Egypt took two dramatic economic measures by floating its currency and raising the prices of subsidized fuel, steps that all but secure a $12 billion IMF loan seen as crucial to attracting investments and ending a dollar shortage that has crippled business activity.
Long lines of cars began forming at gas stations in Cairo shortly before midnight on Thursday after local newspapers reported the government’s plan to raise the price of gasoline and diesel by as much as 47 percent. The move came hours after the central bank announced it would abandon currency controls and raise interest rates to the highest level in more than a decade. The pound tumbled as much as 45 percent.
The decisions will ease what international investors have long complained to be a drag on the Egyptian economy — an overvalued currency and unsustainable subsidies — and help win the final approval for the International Monetary Fund bailout. The government of President Abdel-Fattah El-Sisi, however, has now to manage the immediate fallout on average Egyptians struggling with surging prices and more than five years of turmoil that saw the ouster of two presidents.
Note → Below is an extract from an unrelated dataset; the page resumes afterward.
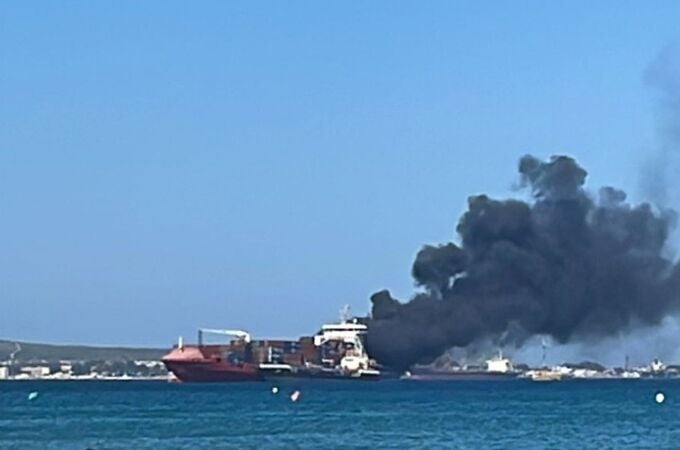 El barco de servicio en llamas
“How am I going to afford this?” said Ahmed Adel, 35, an engineer, as he queued for gas. “I’m single with no children, I can’t imagine how are people with families going to live with food and fuel prices reaching those levels?”
Egypt has struggled to revive its economy since the 2011 uprising that ended Hosni Mubarak’s three-decade autocratic rule and the ouster of his Islamist successor two years later. Foreign-currency reserves have stabilized this year, though remain more than 40 percent below their Mubarak-era levels.
Central bank Governor Tarek Amer said on Thursday that the decision to float the currency would end a black market for dollars that has eroded investor confidence. The IMF welcomed the flexible exchange rate and said the new system means people will be prepared to sell dollars as well as buy them, injecting more money into the economy. It will also help attract foreign investment and support tourism and exports, it said.
“This is a historic phase,” Amer told a televised news conference. “For the first time we’re facing the issue bravely.” Egypt’s benchmark EGX 30 Index for stocks rallied 3.4 percent at the close in Cairo, the best performance among more than 90 measures tracked worldwide by Bloomberg, to the highest close in 17 months.
Other decisions by the central bank include:
- Abolishing the “priority imports list”
- Banks and other market participants are at liberty to quote and trade at any exchange rate
- The central bank will continue to monitor market activity and hold multiple price auctions when deemed necessary
- Banks can keep branches open until 9 p.m. and during the weekend to execute foreign-currency exchange and cash workers’ remittances
- Cash deposit and withdrawal limits for companies importing non-basic goods are maintained at $50,000 monthly for deposits and $30,000 daily for withdrawal
A key measure of success will be whether banks could provide enough dollars to meet pent-up demand. “In the short term we will have to see the banks’ ability to make dollars available,” said Mohamed El Damaty, vice chief executive officer of Egyptian food producer Arabian Food Industries.
With investors and tourists staying away, Egypt has relied on billions of dollars of aid from Gulf monarchies since the ouster of Mubarak. The support has dwindled amid the drop in oil prices, prompting the government to turn to the IMF for help. As part of the agreement with the IMF, Egypt needed to secure as much as $6 billion in support. Egypt got $2 billion from Saudi Arabia and $1 billion from the United Arab Emirates. A $2.7 billion currency swap deal with China will be concluded within the coming two weeks, Amer said on Thursday.
IMF Managing Director Christine Lagarde also signaled last month that Egypt needed to tackle the exchange-rate crisis and lower energy subsidies before the lender’s board can consider the loan request. The government raised the price of subsidized fuel effective Nov. 4. The price of 80-octane gasoline was to climb from 1.60 pounds per liter to 2.35 pounds per liter, or almost 47 percent. The price for 92-octane gasoline was to rise from 2.60 pounds to 3.50 pounds, while diesel prices would climb from 1.80 pounds to 2.35 pounds. In addition, the price of subsidized butane cylinders was also raised from 8 pounds to 15, Hamdy Abdel Aziz, the spokesman of the Oil Ministry said on CBC television.
Waiting for her husband to fill up gas at one station, Sanaa Ali was pondering how their family would adapt to the new reality. “I don’t know what to do next but I think we will have to cut our spending dramatically,” she said. “I’m talking essential things, like cutting some food items and changing our kids schools to ones with less fees.”